The state of employee engagement is a severely under-discussed issue IMHO. I've written before (in the context of the importance of bringing people with you through periods of transformation and change) about the stark statistics that show just how poor engagement levels are amongst workers globally. Gallup have famously done some excellent research in this area – for example as recently as late last year finding that only 8% workers in the UK say that they feel engaged or enthusiastic about their work, the rest being either not engaged (73%) or worse, actively disengaged (19%) (figures for other countries are not much better).
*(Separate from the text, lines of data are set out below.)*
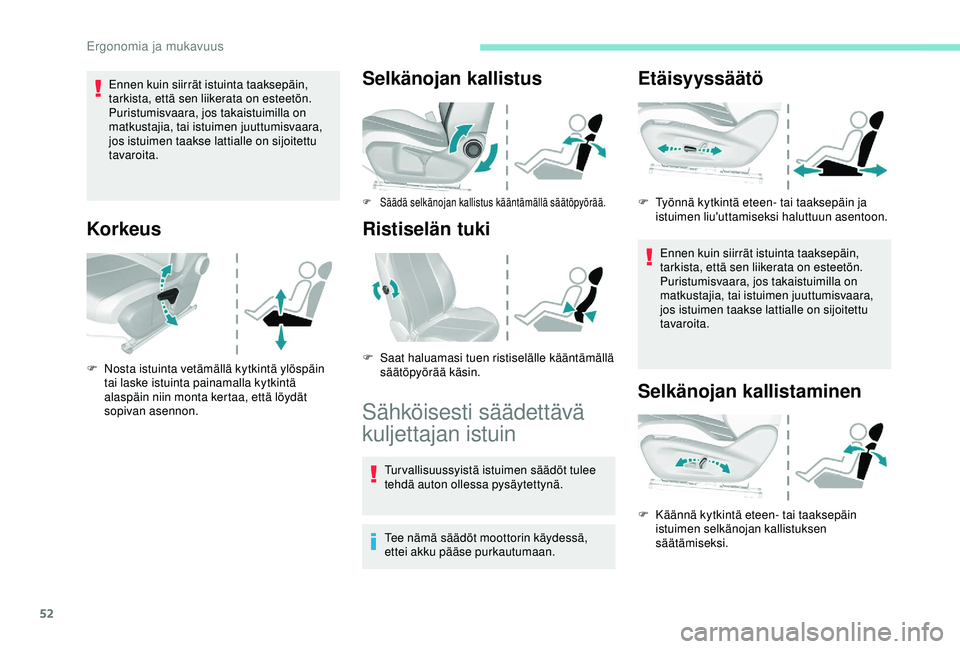Peugeot 308 2018 Omistajan käsikirja (in Finnish) 52
Ennen kuin siirrät istuinta taaksepäin,
tarkista, että sen liikerata on esteetön.
Puristumisvaara, jos takaistuimilla on
matkustajia, tai istuimen juuttumisvaara,
jos istuimen taakse lattial Peugeot 308 2018 Omistajan käsikirja (in Finnish) 52
Ennen kuin siirrät istuinta taaksepäin,
tarkista, että sen liikerata on esteetön.
Puristumisvaara, jos takaistuimilla on
matkustajia, tai istuimen juuttumisvaara,
jos istuimen taakse lattial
My sense is that whilst there are no doubt issues at every level through organisations, it is often middle-managers who face unique challenges that can lead to disengagement and there are some revealing (but slightly depressing) statistics in this article that would seem to support that. One study quoted in the piece sourced data from 320,000 employees from multiple organisations and analysed those that scored in the bottom 5% when it came to engagement and commitment. Rather than being comprised of those employees that were the poorest performers, they found that this group were most commonly educated mid-level managers who had actually had a decent appraisal in their last performance review.
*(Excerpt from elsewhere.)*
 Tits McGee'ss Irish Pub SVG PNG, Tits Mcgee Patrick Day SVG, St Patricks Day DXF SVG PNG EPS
There's likely multiple reasons for this but in my experience a good part of it is down to the reality how middle-managers spend their time. Juggling pressures and commitments from all sides (bosses, peers, team) can easily lead to a surfeit of meetings, email, and other admin tasks which may feel necessary at the time but actually cumulatively impact time spent leading (or indeed thinking) and individually contribute little meaningful progress in the achievement of key priorities or goals. Teresa Amabile's research in this area has shown just how powerful such progress can be in supporting employee engagement and motivation:
‘Of all the things that can boost emotions, motivation, and perceptions during a workday, the single most important is making progress in meaningful work. And the more frequently people experience that sense of progress, the more likely they are to be creatively productive in the long run.’
Similarly that treadmill feeling that comes with repetitive tasks or cycles, or the inability to control ones own time as it gets sucked into seemingly low value activities can create huge frustration. The lack of autonomy and continuous learning that characterises most hierarchically-driven environments only adds to this.
The article suggests that technology is a significant part of the answer but whilst technology can help, I think it's only ever part of the answer. The reality is that much of these frustrations are generated from behavioural and cultural norms that have built up over a long time. And the only way to change habits is to break them one-by-one. Challenge the defaults. Stop compiling that report that you suspect few people read and see if anyone notices. Question whether you need a meeting at all and if you do, have a rule that meetings should be 15 minutes by default. Protect time in your diary for thinking or non-admin tasks. Start saying no.
Creating space is not a luxury – it's essential to not only organisational fitness and sustainability, but the engagement, productivity and dare-I-say-it sanity of those critical people in the middle.